« Le Conseil national doit absolument quitter la voie sans issue tracée par le Conseil des États », déclare Jelena Filipovic, co-présidente du VCS. « La Suisse a besoin d'investissements dans les énergies renouvelables, l'efficacité et un système énergétique intelligent, et non de nouvelles centrales nucléaires – construites à partir d'une illusion, financées à crédit, et exploitées avec des risques. »
En particulier, la décision est d'une grande importance avec une perspective de changement écologique dans le secteur des transports. Le VCS s'engage pour une mobilité respectueuse du climat, qui ne repose ni sur les combustibles fossiles ni sur l'électricité nucléaire. Là où les déplacements ne peuvent être réduits, mieux organisés et déplacés sur des moyens de transport écologiques, l'électrification des véhicules est un levier. Cela nécessite cependant une électricité fiable à partir de sources renouvelables, combinée à l'efficacité énergétique et un réseau étendu.

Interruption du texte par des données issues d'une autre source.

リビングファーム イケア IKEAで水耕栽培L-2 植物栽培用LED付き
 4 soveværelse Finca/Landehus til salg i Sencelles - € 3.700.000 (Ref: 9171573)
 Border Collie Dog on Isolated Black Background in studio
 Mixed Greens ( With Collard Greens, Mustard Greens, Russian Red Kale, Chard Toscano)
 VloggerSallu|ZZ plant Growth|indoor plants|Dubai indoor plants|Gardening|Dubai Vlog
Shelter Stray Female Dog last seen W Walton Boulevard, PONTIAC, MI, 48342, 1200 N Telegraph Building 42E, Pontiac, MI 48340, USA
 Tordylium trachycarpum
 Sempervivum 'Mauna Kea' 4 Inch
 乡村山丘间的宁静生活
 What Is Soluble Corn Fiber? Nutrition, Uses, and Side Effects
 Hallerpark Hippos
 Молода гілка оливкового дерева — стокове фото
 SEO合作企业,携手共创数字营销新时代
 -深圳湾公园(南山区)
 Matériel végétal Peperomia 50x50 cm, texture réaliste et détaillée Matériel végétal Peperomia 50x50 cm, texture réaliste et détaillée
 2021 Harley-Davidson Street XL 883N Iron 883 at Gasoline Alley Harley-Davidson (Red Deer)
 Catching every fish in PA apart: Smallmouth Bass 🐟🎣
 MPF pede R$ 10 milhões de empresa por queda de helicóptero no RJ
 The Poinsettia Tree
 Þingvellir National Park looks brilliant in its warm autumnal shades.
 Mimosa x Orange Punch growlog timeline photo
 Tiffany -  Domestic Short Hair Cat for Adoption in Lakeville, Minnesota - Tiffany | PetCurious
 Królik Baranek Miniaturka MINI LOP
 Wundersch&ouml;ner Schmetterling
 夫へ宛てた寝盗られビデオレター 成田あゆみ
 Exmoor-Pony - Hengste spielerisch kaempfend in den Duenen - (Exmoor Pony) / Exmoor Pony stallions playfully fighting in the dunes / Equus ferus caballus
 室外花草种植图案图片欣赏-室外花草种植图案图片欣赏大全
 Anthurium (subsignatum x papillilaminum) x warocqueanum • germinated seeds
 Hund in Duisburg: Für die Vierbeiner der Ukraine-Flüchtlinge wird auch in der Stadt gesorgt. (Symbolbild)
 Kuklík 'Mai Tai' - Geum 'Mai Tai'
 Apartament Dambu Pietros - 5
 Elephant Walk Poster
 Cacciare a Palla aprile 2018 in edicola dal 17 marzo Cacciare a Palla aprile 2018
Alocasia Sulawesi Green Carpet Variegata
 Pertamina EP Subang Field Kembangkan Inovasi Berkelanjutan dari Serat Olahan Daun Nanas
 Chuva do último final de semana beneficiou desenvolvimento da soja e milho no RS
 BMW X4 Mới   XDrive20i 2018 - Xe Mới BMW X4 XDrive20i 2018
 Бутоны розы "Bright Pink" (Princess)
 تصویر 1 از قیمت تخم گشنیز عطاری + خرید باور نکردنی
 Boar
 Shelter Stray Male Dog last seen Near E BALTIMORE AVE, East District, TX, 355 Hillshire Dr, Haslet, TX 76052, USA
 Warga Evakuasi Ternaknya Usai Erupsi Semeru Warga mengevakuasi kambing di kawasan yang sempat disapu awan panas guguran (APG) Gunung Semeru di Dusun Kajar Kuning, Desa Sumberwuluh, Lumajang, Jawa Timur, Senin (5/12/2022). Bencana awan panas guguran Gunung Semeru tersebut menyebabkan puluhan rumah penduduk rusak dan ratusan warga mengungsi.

Transition énergétique et changement de mobilité vont de pair.
« Ceux qui lèvent aujourd'hui l'interdiction des centrales nucléaires misent sur une technologie qui était déjà trop coûteuse hier et qui arrivera trop tard demain. Cela empêche exactement ce dont la transition énergétique a urgemment besoin : la sécurité de la planification », poursuit Filipovic.
Il est probable que les nouvelles centrales nucléaires ne pourraient contribuer à l'approvisionnement qu'à partir de 2050 au plus tôt. D'ici là, le secteur des transports doit déjà être électrifié et réduit, comme décidé par la population avec la loi sur la protection du climat.